Understanding the Dynamics 365 Quality Evaluation Agent: A Complete Breakdown
There is another member of the Dynamics 365 Customer Service/Contact Center agents that I haven’t had a chance to introduce to you yet. You’re probably already familiar with the Case Management Agent, Intent Agent and Customer Knowledge Agent which I have written articles about previously. In this article I am going to discuss the Quality Evaluation Agent. In customer service organizations it’s important measure the quality of service provided to customers because this can significantly impact customer retention, revenue and brand reputation. Higher service quality typically leads to better customer satisfaction, stronger loyalty, and increased lifetime value. Poor service can quietly drive customers away without obvious warning signs. Organizations that are not measuring service quality have a harder time improving because they don’t know where improvement is possible. They might think their processes are efficient, but customers could be frustrated, confused, or worse. Quality measurement helps organizations catch those issues early, improve customer service rep performance, and ensure consistency across the team. Many organizations have quality assurance (QA) programs where Supervisors review customer interactions like calls, chats, and emails against a standard scorecard. Grading usually includes things like empathy, accuracy, adherence to process, and communication clarity. Historically this was a manual job, usually done by supervisors but we can now use the Quality Evaluation Agent (aka Quality Assurance Agent) to help with this.

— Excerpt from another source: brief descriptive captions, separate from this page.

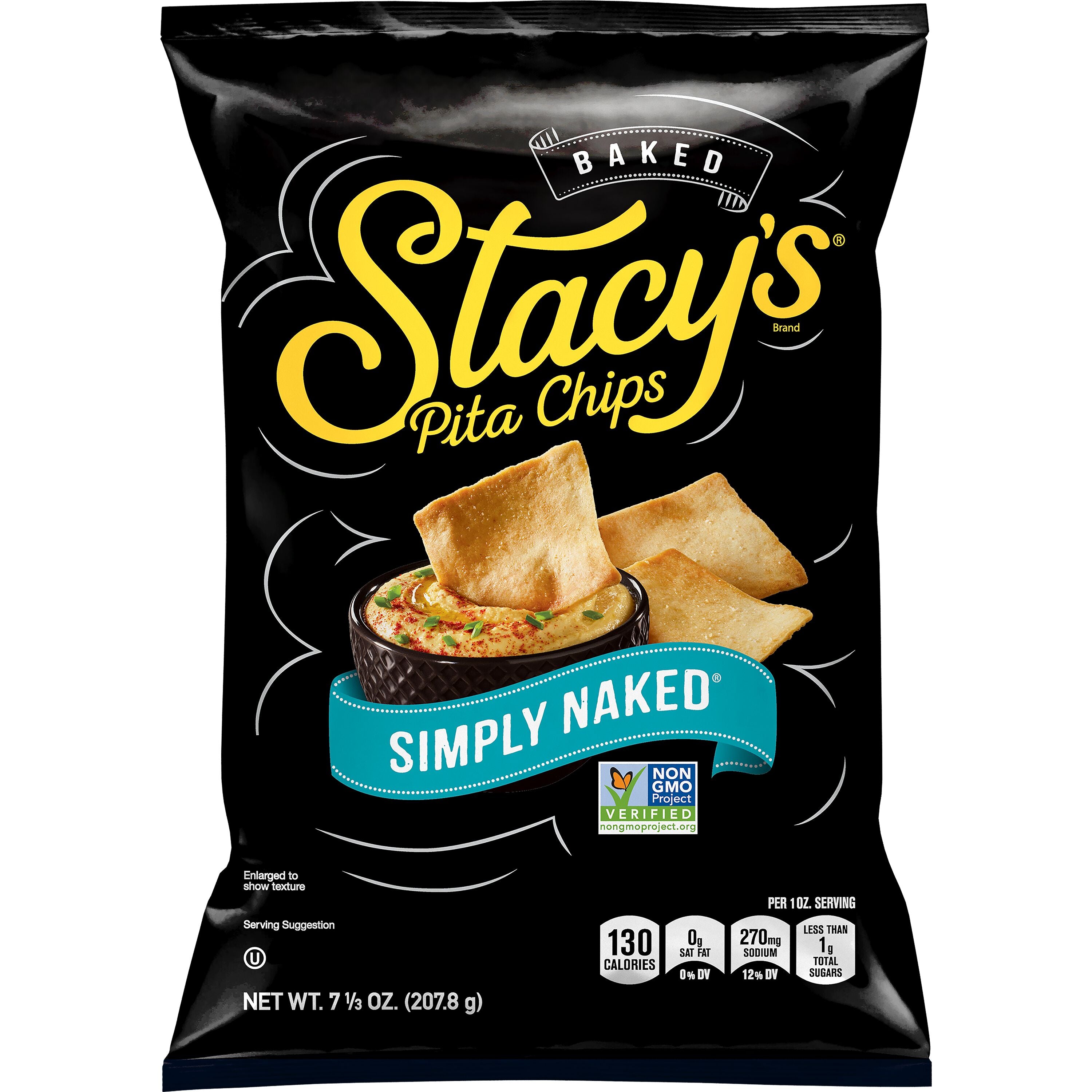 Quaker Stacy's Simply Naked 12ct 7.33oz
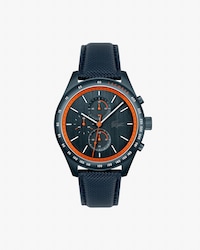 Men's Apext Chronograph Leather Watch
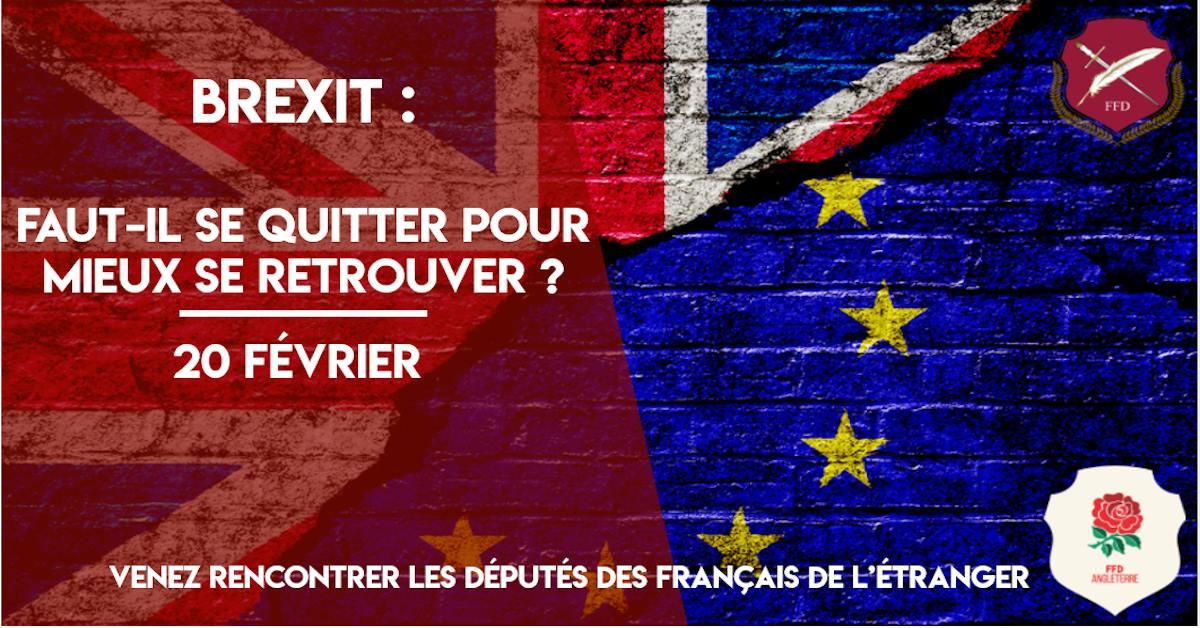 Brexit - débat - FFD - députés - parlementaires - LSE - Cambridge - Oxford - UCL - londres - london - français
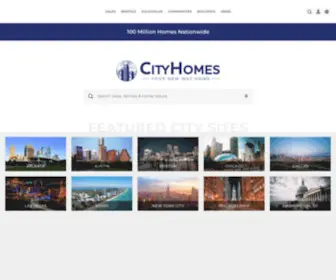 Cityhomes.com(Olshan Realty) Screenshot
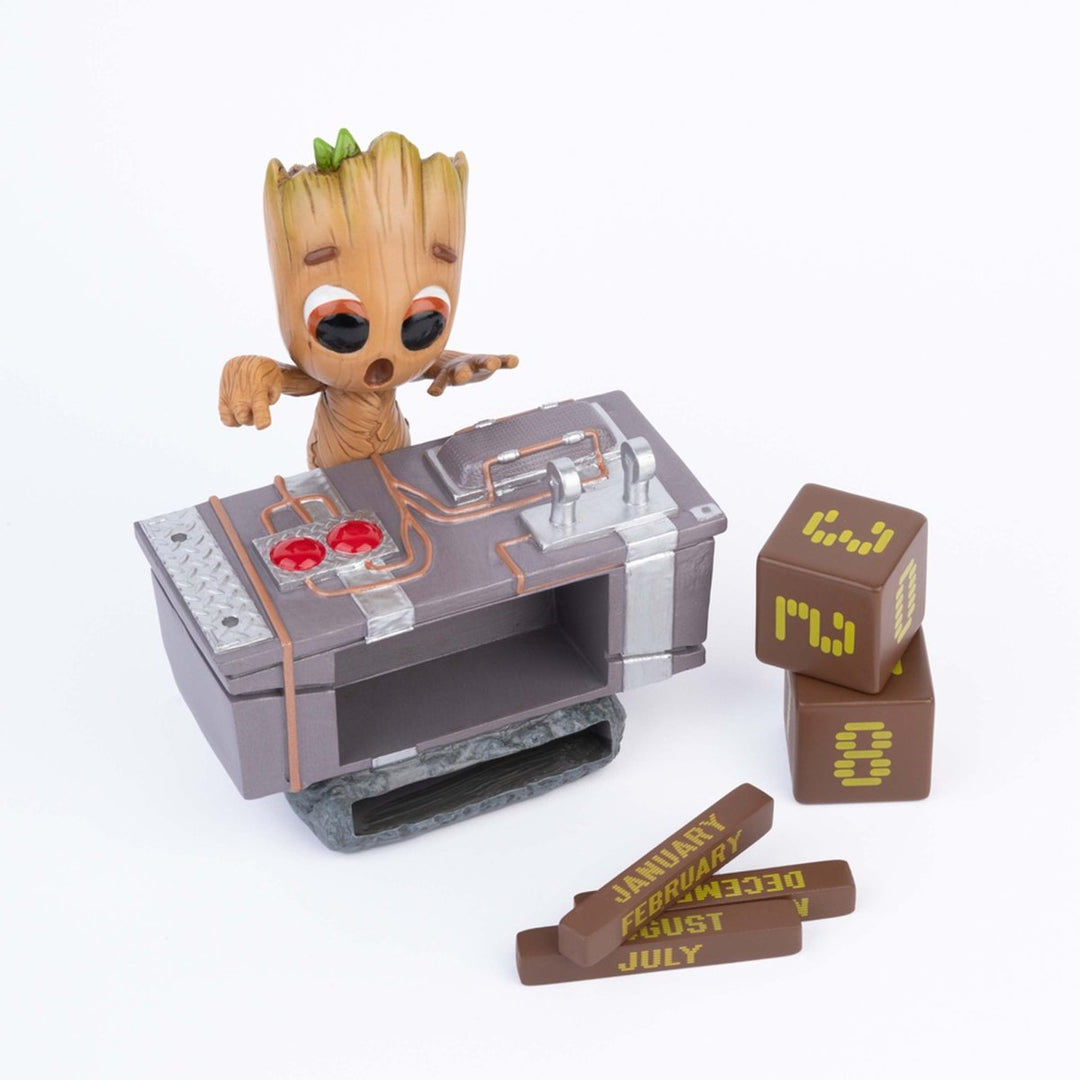 Groot 3D Kalender - Supernerds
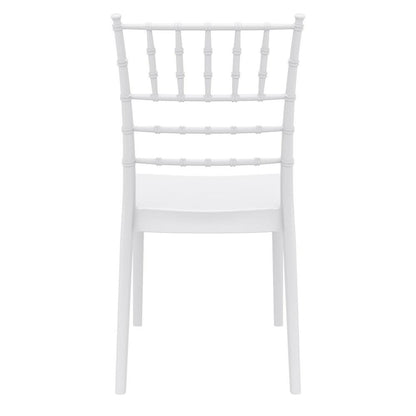 Josephine Outdoor Dining Chair White, Set of 2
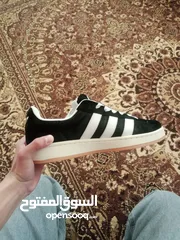  2 بوت اديداس كامبوس لون اسود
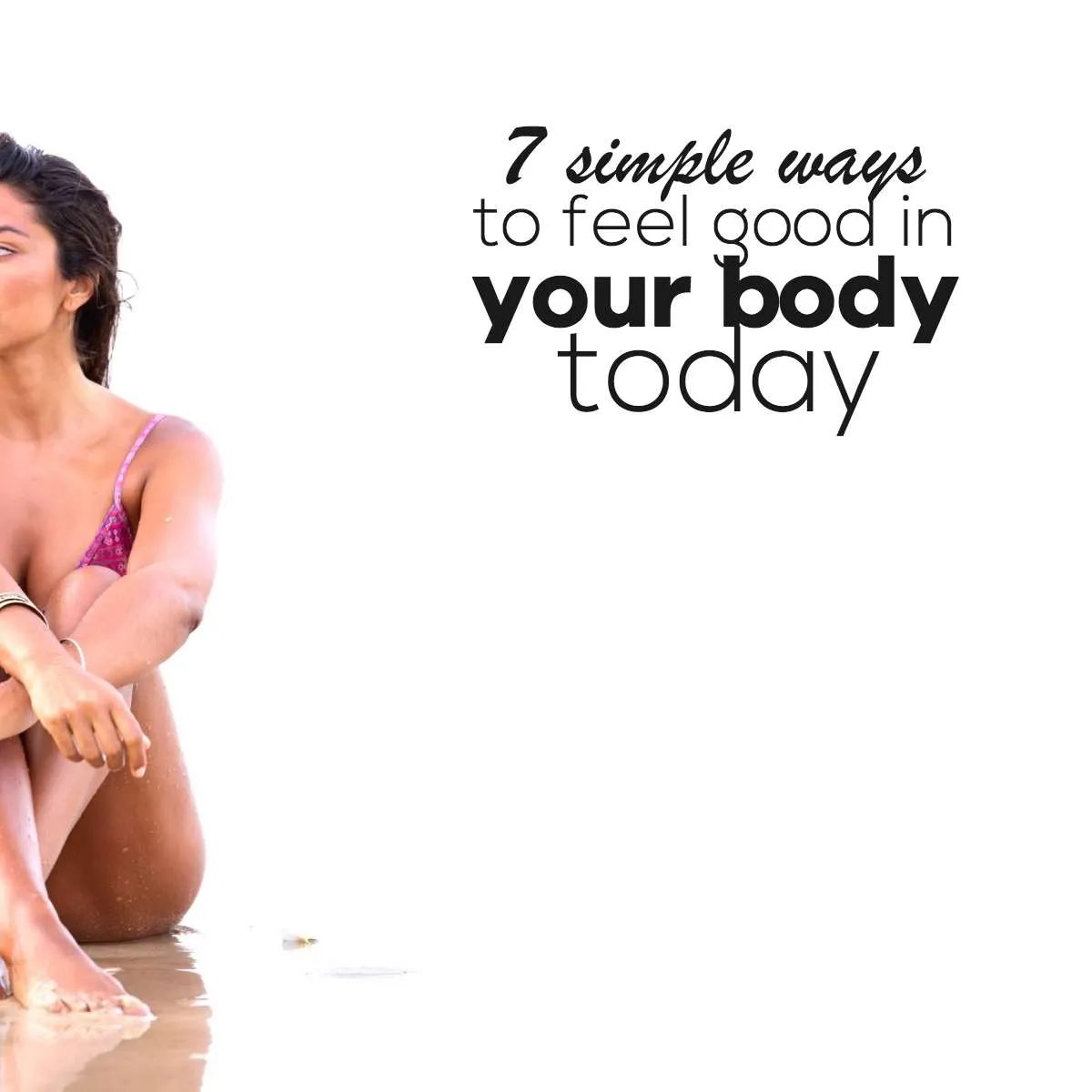 How to feel good in your body today - whether you need to lose weight or want to feel more energetic - these self-care tips will help you…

How does the Quality Evaluation Agent work
The Quality Evaluation Agent is built around a framework with three core pieces working together. One of the most important parts is the evaluation criteria. This is where you define what ‘good service’ actually looks like for your organization. Here you configure specific questions, possible answers to those questions, scoring rules and guidance for how those should be interpreted. Think of these as a benchmark the agent uses to evaluate the service that was provided during conversations and cases. This is where you define what quality means to your organization, whether that’s empathy, accuracy, compliance, or all of the above.
Evaluation Criteria
There are two different pieces you need to consider when defining the criteria the agent should use. There is the evaluation criteria(parent) and there is the ability to extend (child) existing evaluation criteria. Let me explain what the difference is here. Many organizations have strict company-wide compliance standards that every team must follow. For example, a global bank may have the need for all customer interactions to be reviewed for things like fraud prevention, customer verification, and data privacy handling while insurance companies may enforce compliance around policy disclosures, claims handling procedures. These are standard questions that always need to be asked during evaluations. Using the evaluation criteria, organizations can create their own standard set of questions and instructions that become the foundation for all the evaluations across the business.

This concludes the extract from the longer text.